One of the error paths in the PV dom0 builder section that runs on the guest
page-tables wasn't restoring the Xen value of %cr3, neither removing the
mapcache override.

Fixes: 079ff2d32c3d ('libelf-loader: introduce elf_load_image')
Signed-off-by: Roger Pau Monné <roger.pau@citrix.com>
---
 xen/arch/x86/pv/dom0_build.c | 2 ++
 1 file changed, 2 insertions(+)

diff --git a/xen/arch/x86/pv/dom0_build.c b/xen/arch/x86/pv/dom0_build.c
index d8043fa58a27..57e58a02e707 100644
--- a/xen/arch/x86/pv/dom0_build.c
+++ b/xen/arch/x86/pv/dom0_build.c
@@ -825,6 +825,8 @@ int __init dom0_construct_pv(struct domain *d,
     rc = elf_load_binary(&elf);
     if ( rc < 0 )
     {
+        mapcache_override_current(NULL);
+        switch_cr3_cr4(current->arch.cr3, read_cr4());
         printk("Failed to load the kernel binary\n");
         goto out;
     }
-- 
2.45.2

Re: [PATCH v2 1/2] x86/dom0: fix restoring %cr3 and the mapcache override on PV build error

[Jan Beulich]

On 30.07.2024 17:28, Roger Pau Monne wrote:
> One of the error paths in the PV dom0 builder section that runs on the guest
> page-tables wasn't restoring the Xen value of %cr3, neither removing the
> mapcache override.

s/neither/nor/ ?

> --- a/xen/arch/x86/pv/dom0_build.c
> +++ b/xen/arch/x86/pv/dom0_build.c
> @@ -825,6 +825,8 @@ int __init dom0_construct_pv(struct domain *d,
>      rc = elf_load_binary(&elf);
>      if ( rc < 0 )
>      {
> +        mapcache_override_current(NULL);
> +        switch_cr3_cr4(current->arch.cr3, read_cr4());
>          printk("Failed to load the kernel binary\n");
>          goto out;
>      }

Just below here we have

    bootstrap_map(NULL);

This too is wanted in the error case aiui.
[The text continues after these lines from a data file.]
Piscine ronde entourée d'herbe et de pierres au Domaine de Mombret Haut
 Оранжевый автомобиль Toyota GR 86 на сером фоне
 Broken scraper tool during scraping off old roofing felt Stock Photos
Happy to move it up immediately
ahead of the if() while committing, so long as you agree. Then:
Reviewed-by: Jan Beulich <jbeulich@suse.com>

Jan

Re: [PATCH v2 1/2] x86/dom0: fix restoring %cr3 and the mapcache override on PV build error

[Roger Pau Monné]

On Wed, Jul 31, 2024 at 08:32:03AM +0200, Jan Beulich wrote:
> On 30.07.2024 17:28, Roger Pau Monne wrote:
> > One of the error paths in the PV dom0 builder section that runs on the guest
> > page-tables wasn't restoring the Xen value of %cr3, neither removing the
> > mapcache override.
> 
> s/neither/nor/ ?
> 
> > --- a/xen/arch/x86/pv/dom0_build.c
> > +++ b/xen/arch/x86/pv/dom0_build.c
> > @@ -825,6 +825,8 @@ int __init dom0_construct_pv(struct domain *d,
> >      rc = elf_load_binary(&elf);
> >      if ( rc < 0 )
> >      {
> > +        mapcache_override_current(NULL);
> > +        switch_cr3_cr4(current->arch.cr3, read_cr4());
> >          printk("Failed to load the kernel binary\n");
> >          goto out;
> >      }
> 
> Just below here we have
> 
>     bootstrap_map(NULL);
> 
> This too is wanted in the error case aiui. Happy to move it up immediately
> ahead of the if() while committing, so long as you agree. Then:
> Reviewed-by: Jan Beulich <jbeulich@suse.com>

I'm happy with this, but note there are further instances of error
paths above this one that already don't remove the bootstrap mappings.

Thanks, Roger.

Re: [PATCH v2 1/2] x86/dom0: fix restoring %cr3 and the mapcache override on PV build error

[Jan Beulich]

On 31.07.2024 09:57, Roger Pau Monné wrote:
> On Wed, Jul 31, 2024 at 08:32:03AM +0200, Jan Beulich wrote:
>> On 30.07.2024 17:28, Roger Pau Monne wrote:
>>> --- a/xen/arch/x86/pv/dom0_build.c
>>> +++ b/xen/arch/x86/pv/dom0_build.c
>>> @@ -825,6 +825,8 @@ int __init dom0_construct_pv(struct domain *d,
>>>      rc = elf_load_binary(&elf);
>>>      if ( rc < 0 )
>>>      {
>>> +        mapcache_override_current(NULL);
>>> +        switch_cr3_cr4(current->arch.cr3, read_cr4());
>>>          printk("Failed to load the kernel binary\n");
>>>          goto out;
>>>      }
>>
>> Just below here we have
>>
>>     bootstrap_map(NULL);
>>
>> This too is wanted in the error case aiui. Happy to move it up immediately
>> ahead of the if() while committing, so long as you agree. Then:
>> Reviewed-by: Jan Beulich <jbeulich@suse.com>
> 
> I'm happy with this, but note there are further instances of error
> paths above this one that already don't remove the bootstrap mappings.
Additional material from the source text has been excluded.